Evander’s arm shot out, halting me. “Not that one.”
“Why not?” I dodged around his arm. Was this tunnel the one where Clarissa and the others were being held? Or where their corpses had been stashed as if they were macabre trophies?
“It’s dangerous.” Evander moved to stand between me and the tunnel, but he didn’t grab me or otherwise physically stop me.
“Is it dangerous? Or is it something the dragon doesn’t want me to see?” I clutched the candle holder, unable to force my gaze higher than one of the ties zigzagging down the front of his leather jerkin. “I thought you said I wasn’t forbidden from exploring.”
Evander opened his mouth, shut it, then sighed. “All right. But stick close to me.”
He ducked into the tunnel, and I hurried to keep up, the candle flickering.
Unlike the other tunnels I’d explored, this one was rough. Almost unfinished. Marks scored the walls, as if from carving this corridor from the mountain. It was barely wide enough for Evander and me to walk side-by-side, and he had to duck his head as we walked because the ceiling was so low.
After only a few yards, the lantern’s light fell on the solid rock before us.
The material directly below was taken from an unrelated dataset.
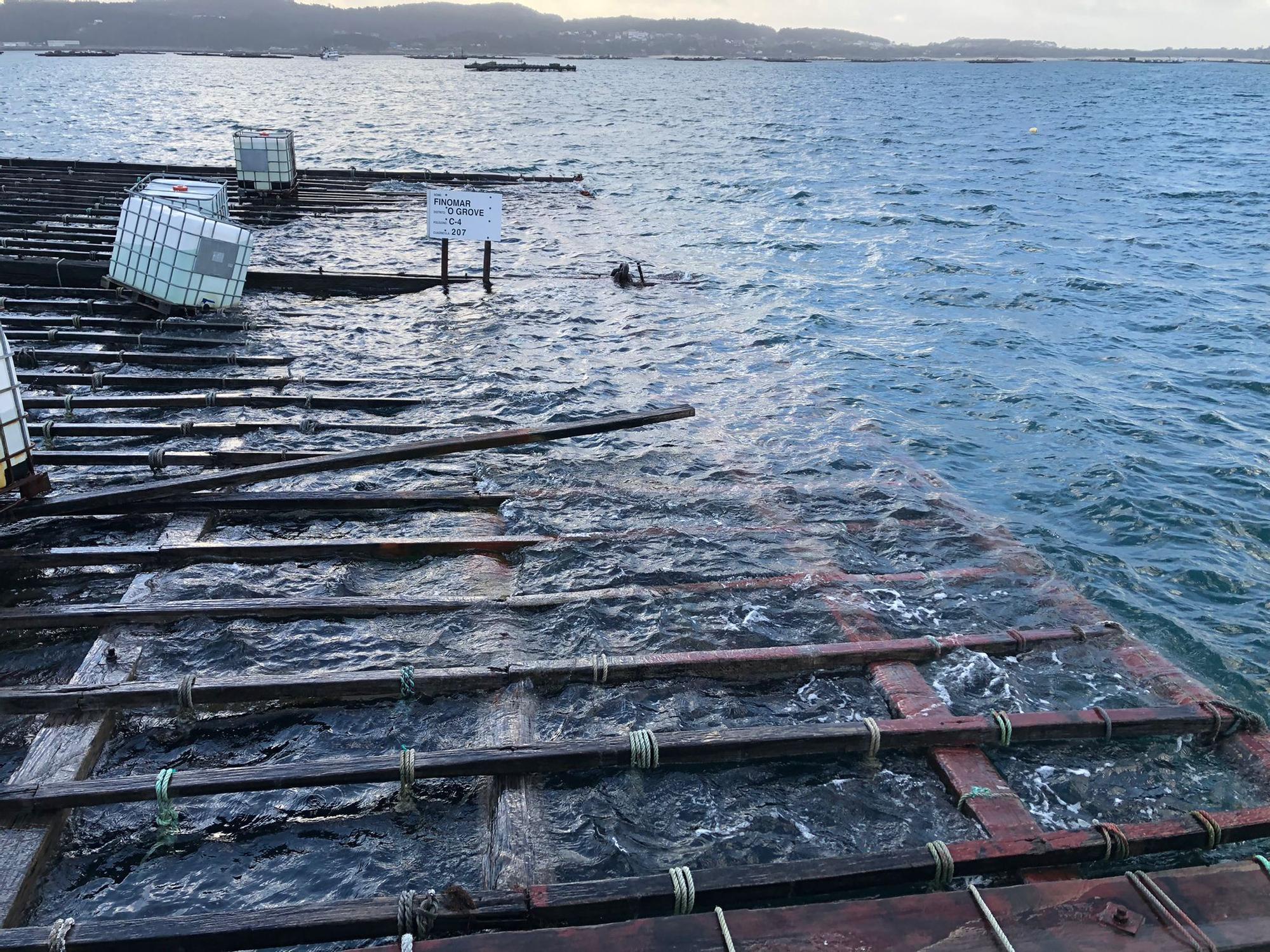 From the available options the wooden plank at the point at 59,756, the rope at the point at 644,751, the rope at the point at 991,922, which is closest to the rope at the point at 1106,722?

I groaned and rested my hand against the stone of the mountain blocking our way. Another dead end. Did any of these tunnels lead somewhere useful in this rabbit’s warren of a mountain? How was I ever supposed to find Clarissa and the others if all I did was run into empty tunnels?
Evander turned, taking a few steps back the way we’d come. “See. Just a dead end. We should go.”